- [Supplied information]:
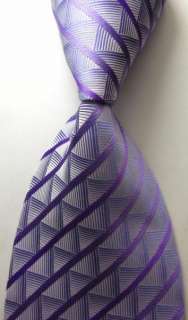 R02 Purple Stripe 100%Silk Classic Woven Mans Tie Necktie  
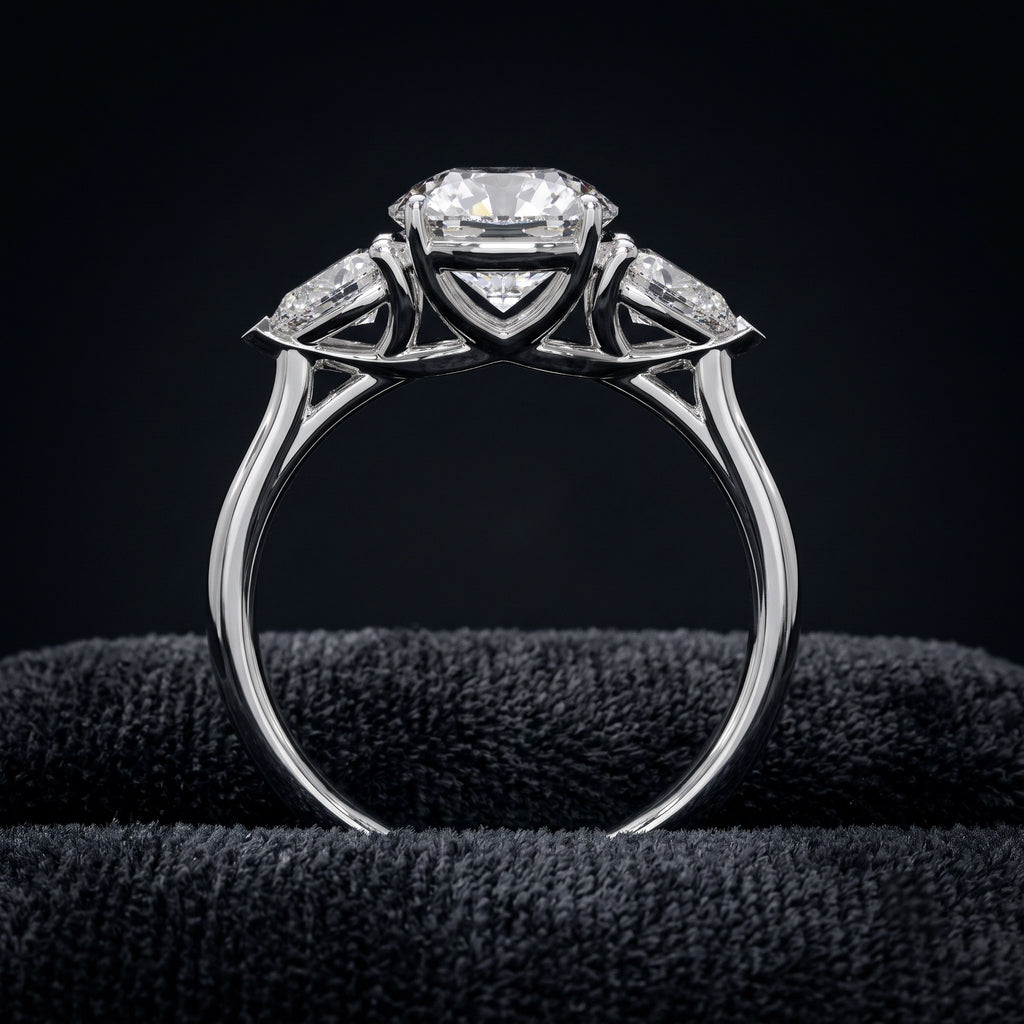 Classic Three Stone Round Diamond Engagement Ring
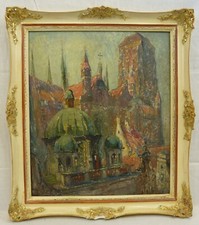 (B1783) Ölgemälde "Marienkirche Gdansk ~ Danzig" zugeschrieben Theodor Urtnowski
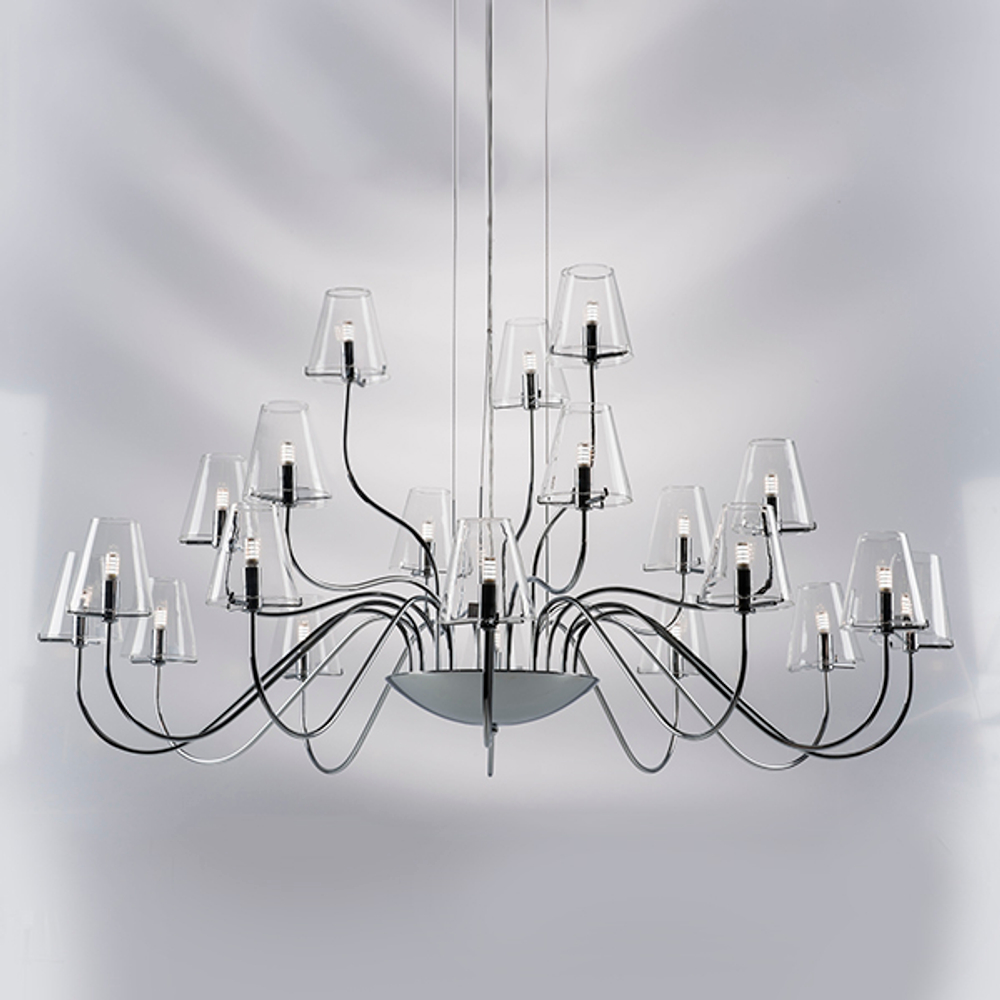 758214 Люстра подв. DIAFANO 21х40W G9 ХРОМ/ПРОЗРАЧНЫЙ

- [Task brief]:
Give the listing again exactly, excluding pictures.

- [Output below]:
 R02 Purple Stripe 100%Silk Classic Woven Mans Tie Necktie  
 Classic Three Stone Round Diamond Engagement Ring
 (B1783) Ölgemälde "Marienkirche Gdansk ~ Danzig" zugeschrieben Theodor Urtnowski
 758214 Люстра подв. DIAFANO 21х40W G9 ХРОМ/ПРОЗРАЧНЫЙ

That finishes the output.